Typically, a growing company will hit certain milestones in its career. The most important for getting onto the radar for investors is being included in a major index. Over time, companies that hit earnings and revenue goals may find they join more and more prominent indices.
The S&P 500 has recently started rebalancing, taking a few companies out, but adding some new players as well, who are seeing their shares soar now.
Case in point? Match Group (MTCH). The owner of Tinder, Hinge, and other dating apps, saw shares rise over 7.5 percent on news that they would be added to the widely-tracked S&P 500 index.
The company has been growing in the mid-double digits for some time, and shares already rose 40 percent over the past year. Online dating trends are likely to remain strong as a way to socialize in the post-Covid world.
Action to take: While shares are expensive at around 85 times current earnings, the company’s growth is likely to continue as the firm figures out better ways to monetize its apps. Growing users will likely continue to drive growth as well. That makes shares somewhat interesting here, as a way of playing an unusual social network.

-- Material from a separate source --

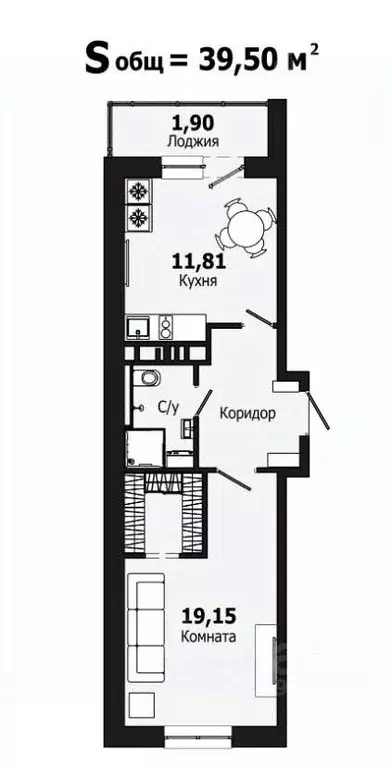 1-к кв. Ленинградская область, Кудрово г. Всеволожский район, ... - Фото 2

For traders, shares are moving higher, but are still well off their 52-week high. The January $170 calls, last going for around $11, are a reasonable play on shares moving higher here as the company joins the index and passive buyers keep adding to their holdings in the months ahead.
Disclosure: The author of this article has no position in the company mentioned here, but may trade after the next 72 hours. The author receives no compensation from any of the companies mentioned in this article.